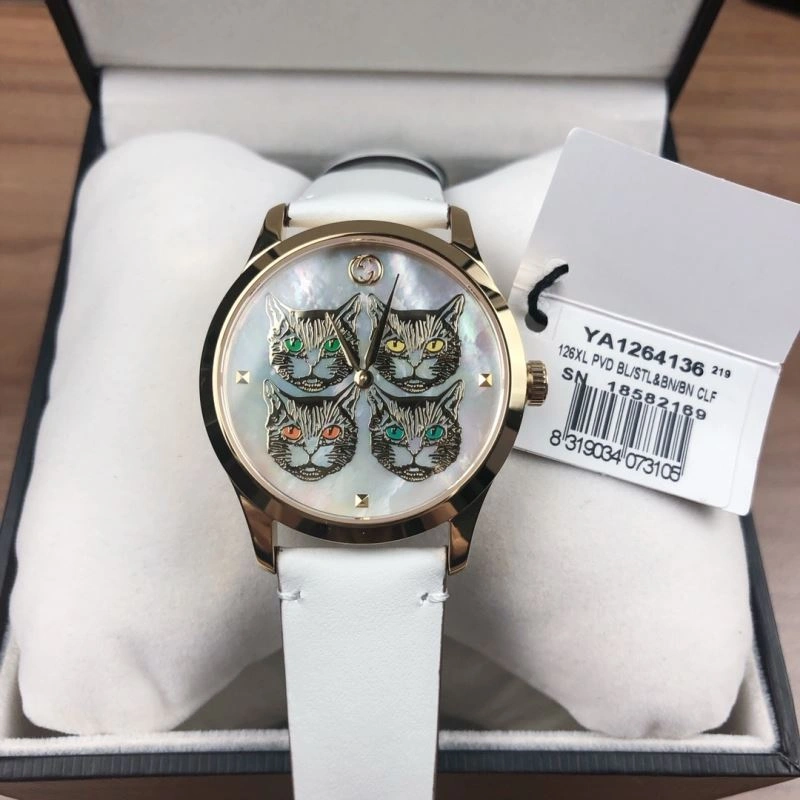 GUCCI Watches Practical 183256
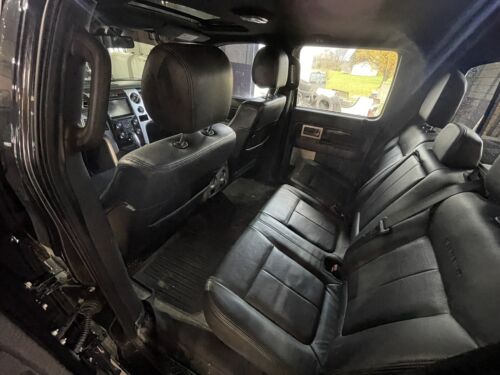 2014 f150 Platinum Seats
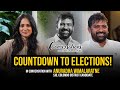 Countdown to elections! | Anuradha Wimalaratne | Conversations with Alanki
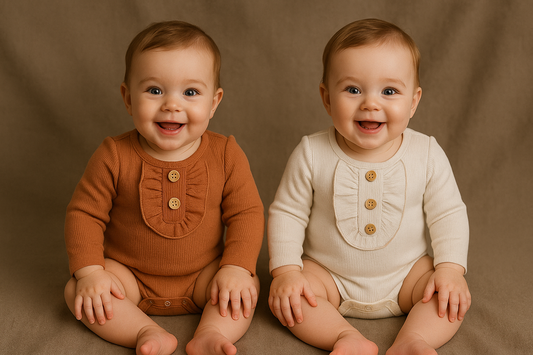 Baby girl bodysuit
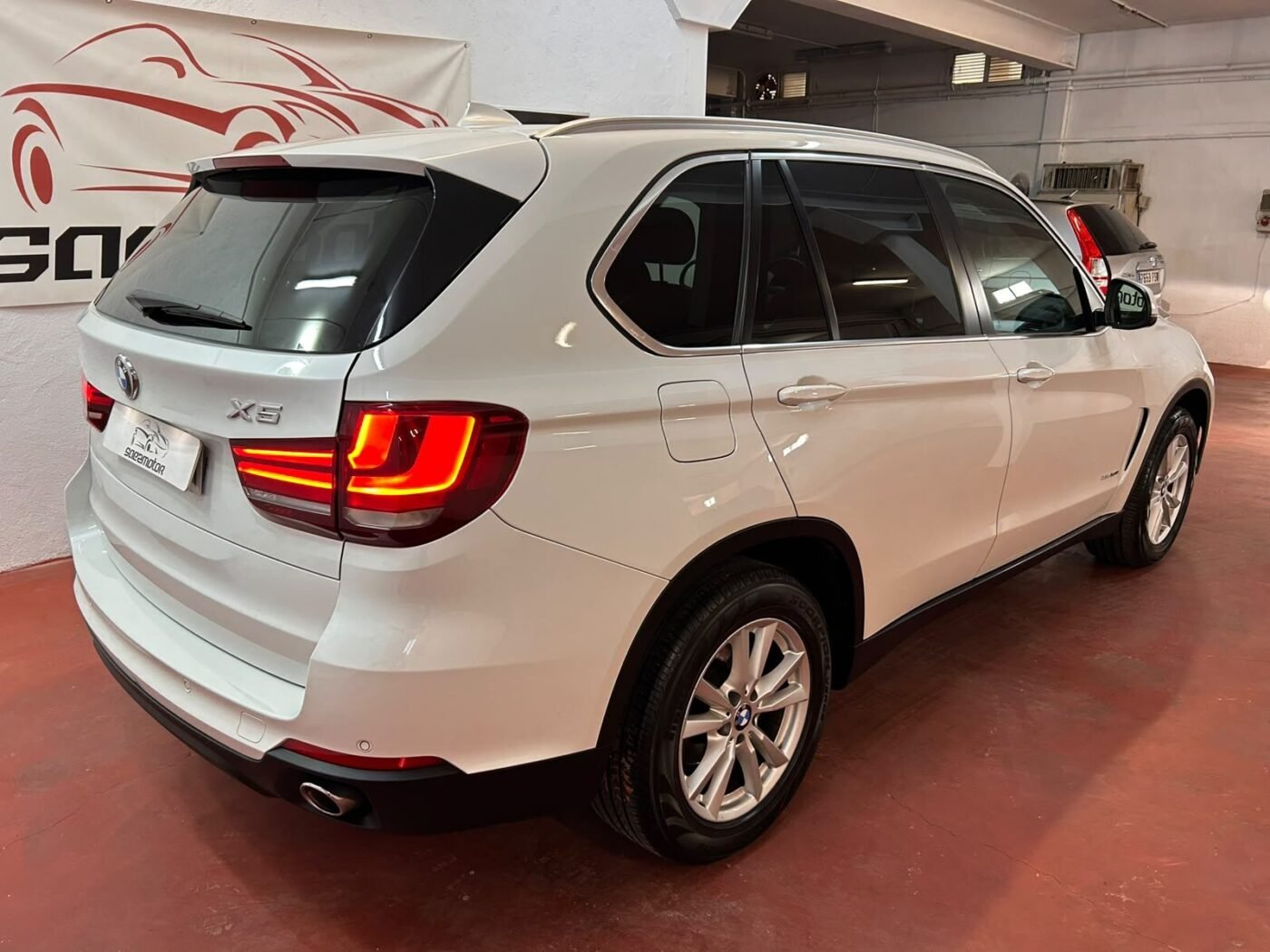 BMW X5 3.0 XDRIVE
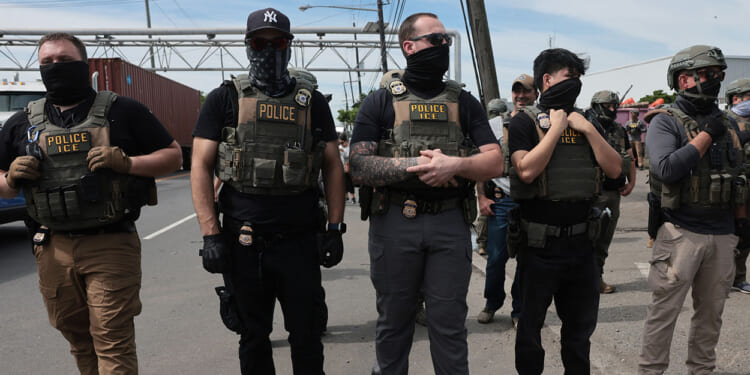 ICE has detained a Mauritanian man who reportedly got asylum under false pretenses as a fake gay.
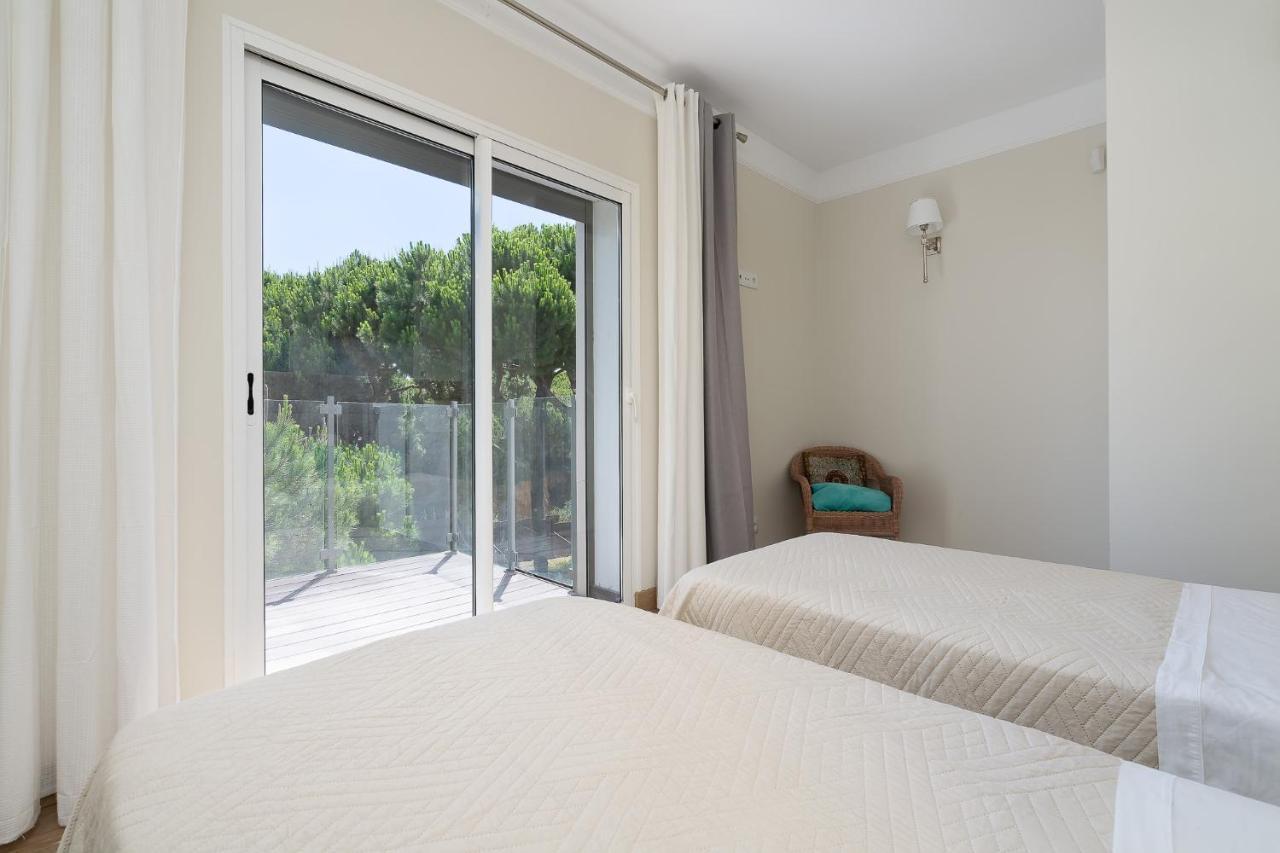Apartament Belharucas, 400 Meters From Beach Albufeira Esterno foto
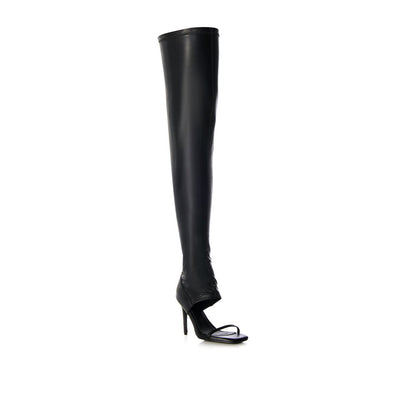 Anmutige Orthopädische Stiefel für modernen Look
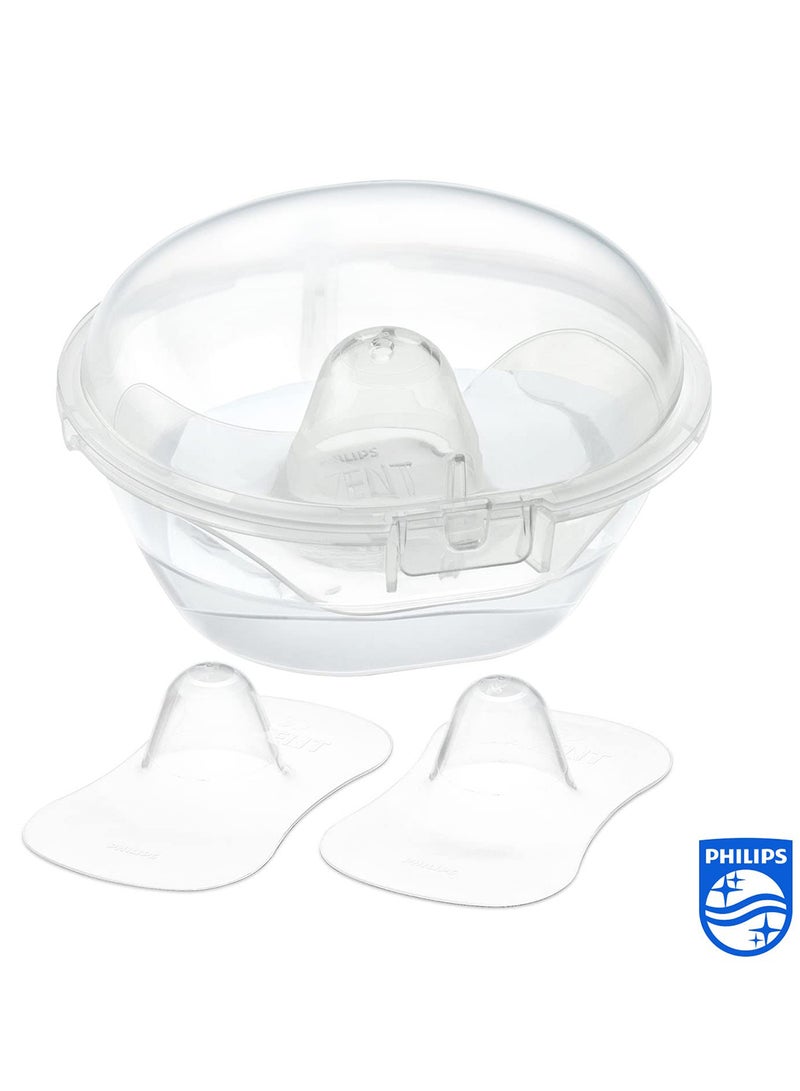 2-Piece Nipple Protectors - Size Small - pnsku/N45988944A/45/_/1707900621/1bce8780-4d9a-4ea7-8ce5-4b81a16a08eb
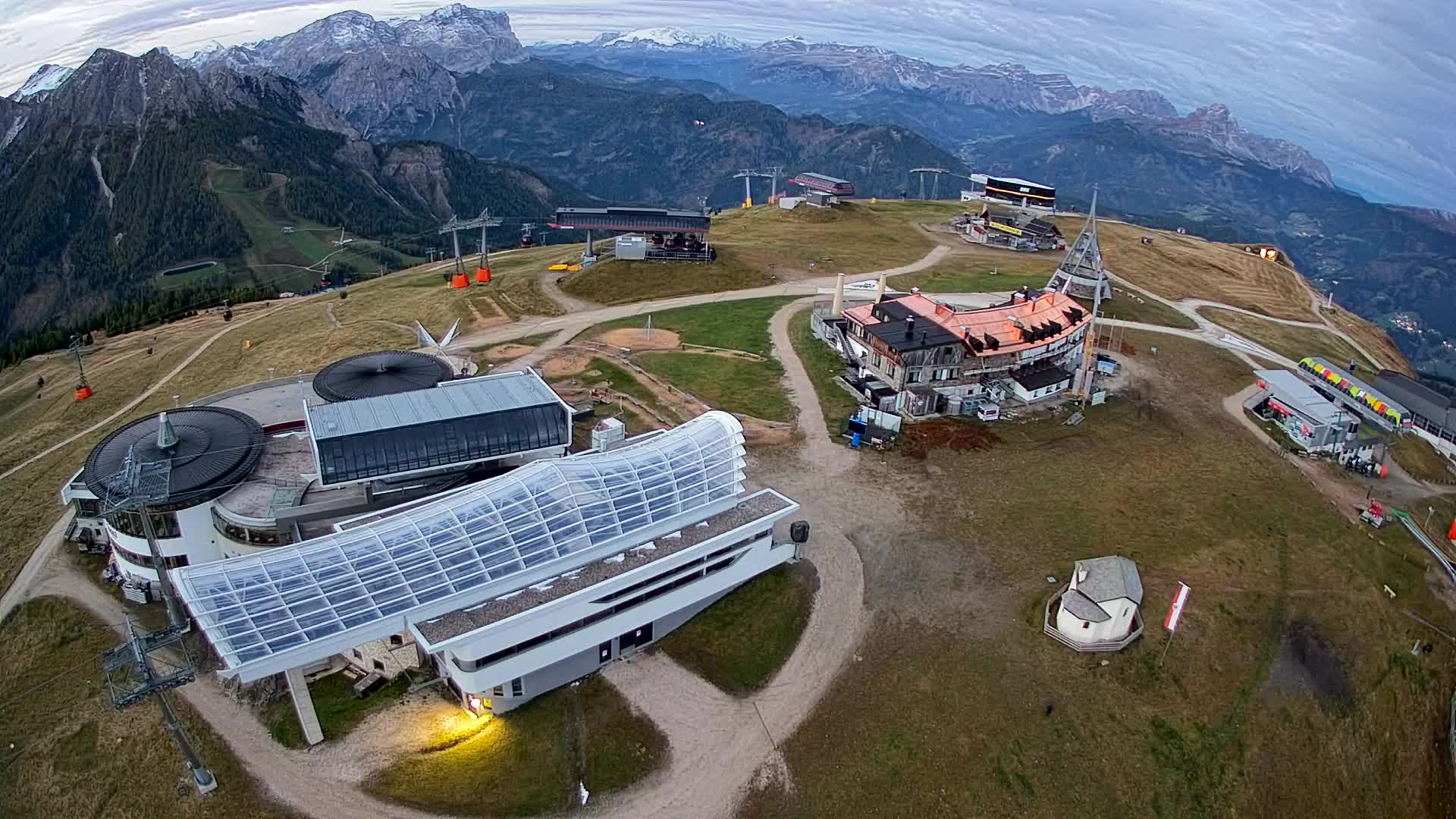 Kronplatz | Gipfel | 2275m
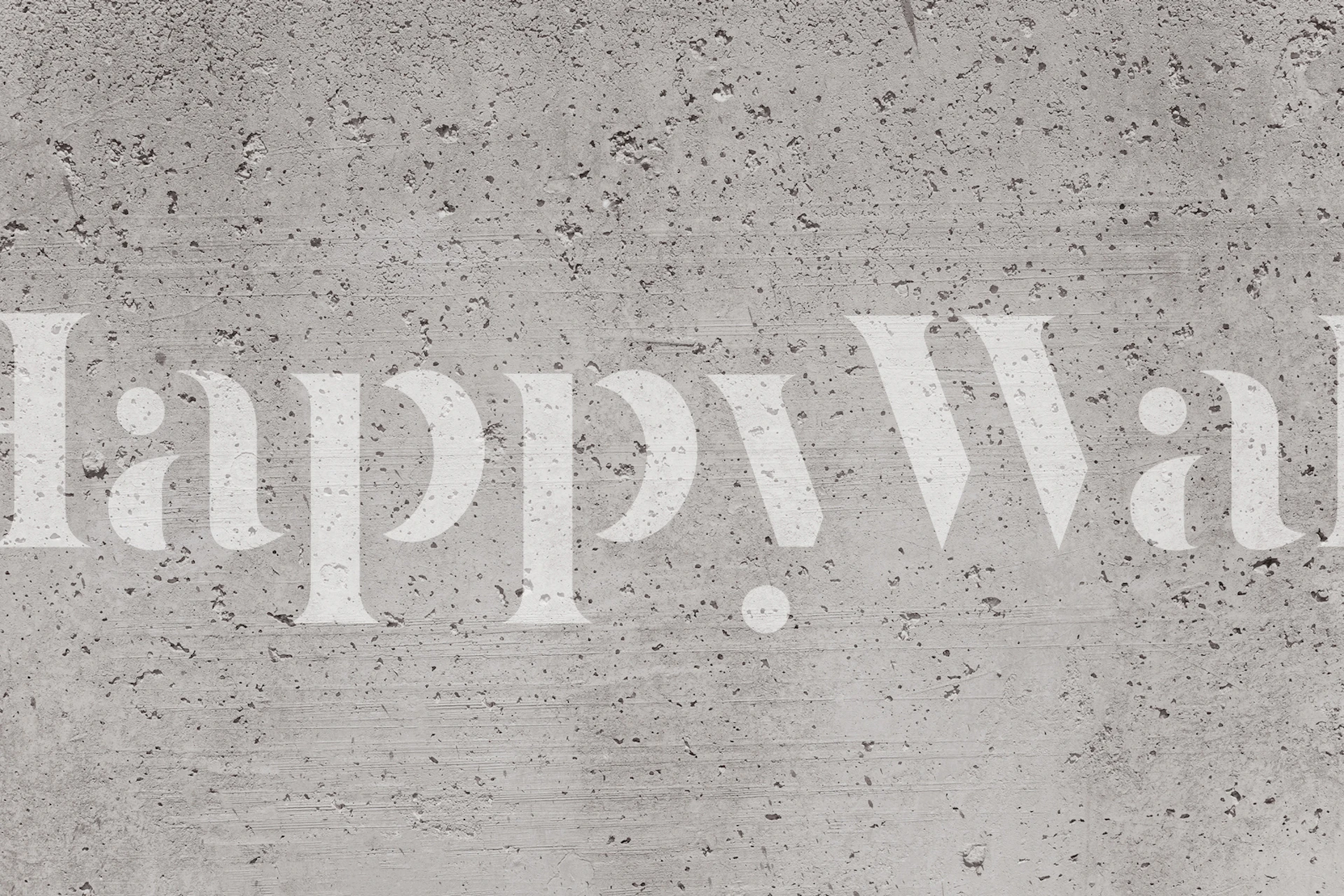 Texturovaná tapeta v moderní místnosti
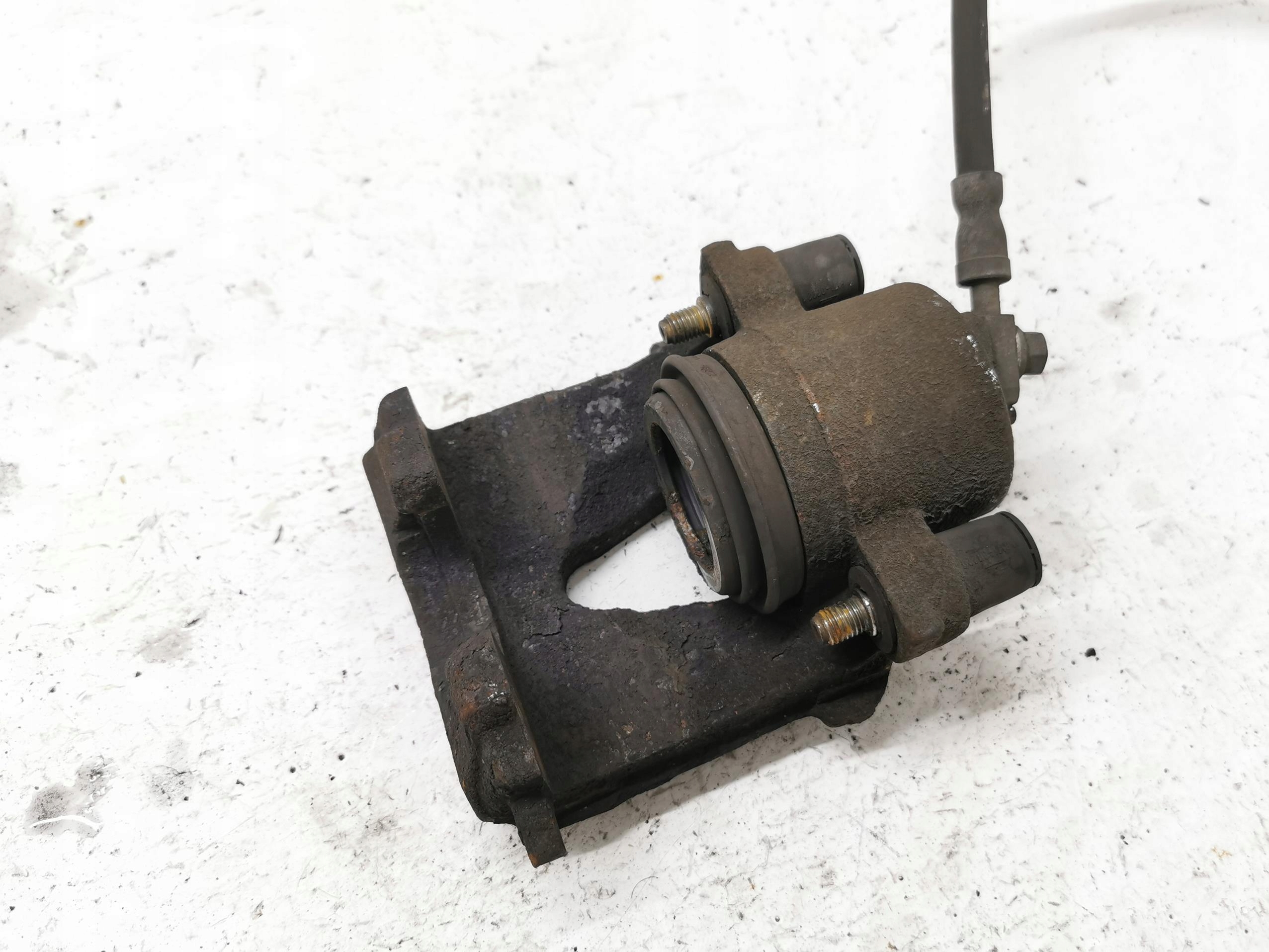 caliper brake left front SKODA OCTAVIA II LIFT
=======
• Description of the task
In your copy, leave out the pictures and reproduce the material above exactly.

• Your response
 GUCCI Watches Practical 183256
 2014 f150 Platinum Seats
 Countdown to elections! | Anuradha Wimalaratne | Conversations with Alanki
 Baby girl bodysuit
 BMW X5 3.0 XDRIVE
 ICE has detained a Mauritanian man who reportedly got asylum under false pretenses as a fake gay.
Apartament Belharucas, 400 Meters From Beach Albufeira Esterno foto
 Anmutige Orthopädische Stiefel für modernen Look
 2-Piece Nipple Protectors - Size Small - pnsku/N45988944A/45/_/1707900621/1bce8780-4d9a-4ea7-8ce5-4b81a16a08eb
 Kronplatz | Gipfel | 2275m
 Texturovaná tapeta v moderní místnosti
 caliper brake left front SKODA OCTAVIA II LIFT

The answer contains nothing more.